Divided into four sections, the author’s latest collection opens with “Acto I: The Visits/Las Visitas,” which takes readers through settings shrouded in secrecy: “Don’t be deceived by appearances: / the patios of the convents / —those flower-filled, disquieting jails— / may lend themselves to dirty tricks of the worst kind.” In “Intervalo: A Reminder/Recordatorio,” the speaker tells readers that “poets dream / of a long permanence / and to that end they construct cathedrals / and poems.” “Acto II: Class Notes/Apuntes de clase” reads like a clever advice column for students; “Rhetorically Speaking” offers tips on hiding what one is reading or writing from a professor, and in “A Generational Duty,” the author encourages young poets to “do whatever you must to sew within the secret seam / of letters / the shifting pain of the universe / and the laws of the tenderness that is always flowing / always flowing.” This section also invokes legendary poets such as Jorge Luis Borges and Sor Juana Inés de la Cruz in eponymous poems. “Final: Limitations/Limitaciones” is rife with death references and ends with a contemplative poem about a phone book with the contact information of the departed.

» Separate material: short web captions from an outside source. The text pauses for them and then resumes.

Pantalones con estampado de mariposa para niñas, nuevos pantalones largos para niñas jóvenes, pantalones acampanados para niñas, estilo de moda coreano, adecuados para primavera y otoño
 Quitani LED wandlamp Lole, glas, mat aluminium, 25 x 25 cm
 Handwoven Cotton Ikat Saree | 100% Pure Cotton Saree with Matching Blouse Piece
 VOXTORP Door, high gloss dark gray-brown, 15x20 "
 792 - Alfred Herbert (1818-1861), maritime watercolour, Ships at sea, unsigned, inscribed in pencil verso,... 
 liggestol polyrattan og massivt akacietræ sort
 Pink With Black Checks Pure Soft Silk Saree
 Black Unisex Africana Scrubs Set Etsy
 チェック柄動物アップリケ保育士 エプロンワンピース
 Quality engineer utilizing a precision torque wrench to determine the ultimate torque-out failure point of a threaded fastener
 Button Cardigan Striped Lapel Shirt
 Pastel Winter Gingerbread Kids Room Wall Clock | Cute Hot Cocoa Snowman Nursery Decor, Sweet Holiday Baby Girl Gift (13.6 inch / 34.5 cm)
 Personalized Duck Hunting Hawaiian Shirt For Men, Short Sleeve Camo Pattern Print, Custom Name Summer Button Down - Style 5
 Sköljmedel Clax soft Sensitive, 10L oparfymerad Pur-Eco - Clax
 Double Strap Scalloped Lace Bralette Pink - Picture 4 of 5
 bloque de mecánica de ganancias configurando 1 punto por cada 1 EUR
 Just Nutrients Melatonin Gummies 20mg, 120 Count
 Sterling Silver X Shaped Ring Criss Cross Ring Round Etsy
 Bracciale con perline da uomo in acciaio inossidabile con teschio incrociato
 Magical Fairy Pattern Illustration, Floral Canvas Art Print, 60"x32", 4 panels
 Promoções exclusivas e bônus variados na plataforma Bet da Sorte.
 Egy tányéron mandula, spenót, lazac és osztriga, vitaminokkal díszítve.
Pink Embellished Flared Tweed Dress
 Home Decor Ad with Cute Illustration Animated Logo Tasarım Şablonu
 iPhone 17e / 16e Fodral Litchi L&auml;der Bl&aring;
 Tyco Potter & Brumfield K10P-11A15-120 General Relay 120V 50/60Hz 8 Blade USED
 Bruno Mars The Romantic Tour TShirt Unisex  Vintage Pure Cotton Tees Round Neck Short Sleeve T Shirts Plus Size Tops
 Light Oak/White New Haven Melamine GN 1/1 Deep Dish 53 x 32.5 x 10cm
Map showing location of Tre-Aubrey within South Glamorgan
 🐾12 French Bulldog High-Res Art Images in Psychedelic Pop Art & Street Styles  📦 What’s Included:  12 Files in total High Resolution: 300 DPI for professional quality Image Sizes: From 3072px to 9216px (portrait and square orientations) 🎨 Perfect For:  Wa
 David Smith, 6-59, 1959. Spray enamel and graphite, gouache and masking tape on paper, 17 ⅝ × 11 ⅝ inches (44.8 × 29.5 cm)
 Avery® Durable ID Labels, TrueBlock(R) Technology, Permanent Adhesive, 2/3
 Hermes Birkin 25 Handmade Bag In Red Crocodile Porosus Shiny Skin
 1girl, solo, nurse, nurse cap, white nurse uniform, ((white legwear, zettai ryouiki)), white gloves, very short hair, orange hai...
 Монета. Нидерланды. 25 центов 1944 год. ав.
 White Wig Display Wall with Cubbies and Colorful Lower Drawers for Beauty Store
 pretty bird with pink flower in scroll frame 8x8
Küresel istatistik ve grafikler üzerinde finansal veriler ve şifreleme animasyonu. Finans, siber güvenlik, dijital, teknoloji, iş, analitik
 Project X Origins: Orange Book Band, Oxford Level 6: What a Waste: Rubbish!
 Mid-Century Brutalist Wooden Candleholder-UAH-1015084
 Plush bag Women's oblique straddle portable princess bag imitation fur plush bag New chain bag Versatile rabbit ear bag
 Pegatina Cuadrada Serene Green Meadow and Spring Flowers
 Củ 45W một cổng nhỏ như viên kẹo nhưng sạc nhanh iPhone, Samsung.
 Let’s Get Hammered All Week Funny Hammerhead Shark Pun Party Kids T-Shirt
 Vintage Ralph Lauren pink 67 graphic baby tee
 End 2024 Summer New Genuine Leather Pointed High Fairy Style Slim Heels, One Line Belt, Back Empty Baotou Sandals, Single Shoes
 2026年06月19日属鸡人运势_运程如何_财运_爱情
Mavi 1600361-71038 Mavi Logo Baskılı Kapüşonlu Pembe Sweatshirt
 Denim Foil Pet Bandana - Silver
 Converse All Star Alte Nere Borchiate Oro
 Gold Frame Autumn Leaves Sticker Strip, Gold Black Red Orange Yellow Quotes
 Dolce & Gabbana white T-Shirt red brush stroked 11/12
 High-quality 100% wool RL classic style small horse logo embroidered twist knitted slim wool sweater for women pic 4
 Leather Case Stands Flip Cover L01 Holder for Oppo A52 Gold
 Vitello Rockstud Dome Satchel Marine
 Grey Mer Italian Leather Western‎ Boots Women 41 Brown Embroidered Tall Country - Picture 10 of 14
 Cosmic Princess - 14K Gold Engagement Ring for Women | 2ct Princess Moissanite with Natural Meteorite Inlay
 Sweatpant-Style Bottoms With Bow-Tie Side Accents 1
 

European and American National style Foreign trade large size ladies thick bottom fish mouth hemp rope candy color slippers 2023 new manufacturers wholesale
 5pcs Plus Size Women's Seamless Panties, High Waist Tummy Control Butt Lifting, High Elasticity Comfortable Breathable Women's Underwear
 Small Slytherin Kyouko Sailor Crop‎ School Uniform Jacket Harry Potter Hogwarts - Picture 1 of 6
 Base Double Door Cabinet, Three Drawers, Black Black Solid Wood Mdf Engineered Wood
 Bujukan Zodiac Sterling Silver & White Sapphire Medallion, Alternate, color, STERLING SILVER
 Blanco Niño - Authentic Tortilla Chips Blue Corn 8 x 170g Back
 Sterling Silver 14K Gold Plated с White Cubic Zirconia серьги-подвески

While the author excels at anchoring the reader in physical surroundings, and Miller has faithfully translated the Spanish text, perhaps what Yáñez needed more than a translator was a stronger editor. The poet’s descriptions can be flowery, such as this one of a hotel: “Its demolition, / planned by the competent officialdom, / will preclude new accomplices / to its antiquity / (I wonder to whom it will now relate / its stories /and its delusions of grandeur).” Overall, the book feels like a memoir written in stanzas, at times bordering on self-indulgence and the kind of nostalgia better shared between two friends: “don’t fail to keep in mind / that those places / we never visited / will still be weighing heavily on me.”
A well-written but occasionally verbose collection that will please academics but may test the patience of lay readers.